Is Dong Quai good for the skin?
If you use Dong Quai, you’re in good company: it’s one of the most popular medicinal herbs in Chinese medicine. In fact, there are several studies that test its efficacy. One study conducted on the anti-inflammatory properties of Dong Quai found that repeated application reduced inflammation.
Another study tested the potential of Dong Quai to treat eczema. The study found that application of Dong Quai for 11 days reduced skin thickness, swelling and the production of cytokines. Cytokines add to skin inflammation, and the researchers found that this mechanism could be used to treat eczema successfully.
Dong Quai also has skin-lightening properties, as shown by a study from 2016. Dong Quai extracts reduced the formation of melanin through interfering with the genetic pathway that is responsible for it. Best of all, there were no signs of cytotoxicity. The extract also downregulates tyrosinase expression. Tyrosinase is a key molecule for melanin production, the decrease of which leads to lighter skin. No, we’re not talking about skin bleaching–we love the skin you’re in and hope you do too! These findings mean that Dong Quai may be a safer alternative to hydroquinone for reducing the appearance of dark patches and spots on the skin.
Tests have also been conducted on the wound healing capacities of Dong Quai. A study on human fibroblast cells reported that the application of Dong Quai increases the production of collagen, improves the growth of cells and heals wounds faster. Researchers suggest this is due to the presence of ferulic acid in Dong Quai extracts.
Ferulic acid is known to have high antioxidant properties that help heal wounds. Ferulic acid also activates proteins that respond to environmental stress, thereby making wound healing more efficient. These are just some of the studies that provide evidence of the antioxidant, anti-inflammatory and anticancer properties of Dong Quai.
Summing it up:
Dong Quai has been a staple of Chinese medicines for centuries and is now being recognized for its potential in skincare. It can help lighten skin, reduce inflammation and help heal wounds faster as clinical studies have shown.

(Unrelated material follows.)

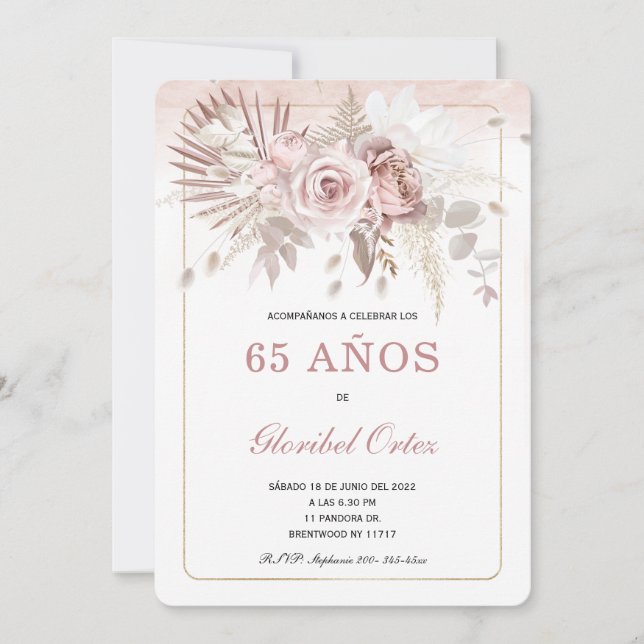 Invitation de 65 Ans Femme (Devant)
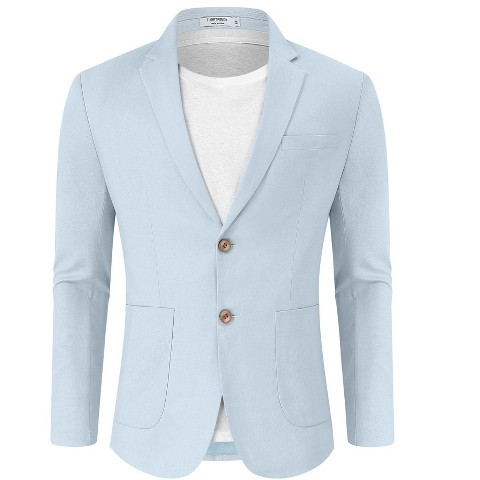 YesFashion Men's Casual Blazer Linen Sport Coat Two Button Lightweight Jackets Business Daily Suit Cream Sky blue_M_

- Na L Jeung-Hyun Koo Ha-Yong Yoon Jiahua Yu Kyung-Ah Kim Il-Whan Choi Kang-Beom Kwon Keun-Sang Kwon Han-Uk Kim Jin-Woo Park Byung-Hyun Park, International Journal of Molecular Medicine. Effect of Angelica gigas extract on melanogenesis in B16 melanoma cells. November 2007, pages 763-767.
- Lee J, Choi YY, Kim MH, Han JM, Lee JE, Kim EH, Hong J, Kim J, Yang WM. Journal of Medicinal Food. 2016 Jan;19(1):98-105. Topical Application of Angelica sinensis Improves Pruritus and Skin Inflammation in Mice with Atopic Dermatitis-Like Symptoms.
- Chia-Yen Hsiao, Ching-Yi Hung, Tung-Hu Tsai, and Kin-Fu Chak. Volume 2012, Article ID 467531, 14 pages. Evidence-Based Complementary and Alternative Medicine. A Study of the Wound Healing Mechanism of a Traditional Chinese Medicine, Angelica sinensis, Using a Proteomic Approach.
- X.Kuang, Y. Yao, J.R. Dua, Y.X. Liu, C.Y. Wang, Z.M. Qian. Brain Research Volume 1102, Issue 1, 2 August 2006, Pages 145-153. Neuroprotective role of Z-ligustilide against forebrain ischemic injury in ICR mice.
- Yeung-LeungCheng, Wen-LiangChang, Shih-ChunLee, Yau-GyeLiu, Cheng-Jueng Chen, Shinn-Zong Line, Nu-Man Tsai, Dah-Shyong Yu, Chung-YangYen, Horng-Jy Harn. Life Sciences, Volume 75, Issue 13, 13 August 2004, Pages 1579-1594. Acetone extract of Angelica sinensis inhibits proliferation of human cancer cells via inducing cell cycle arrest and apoptosis.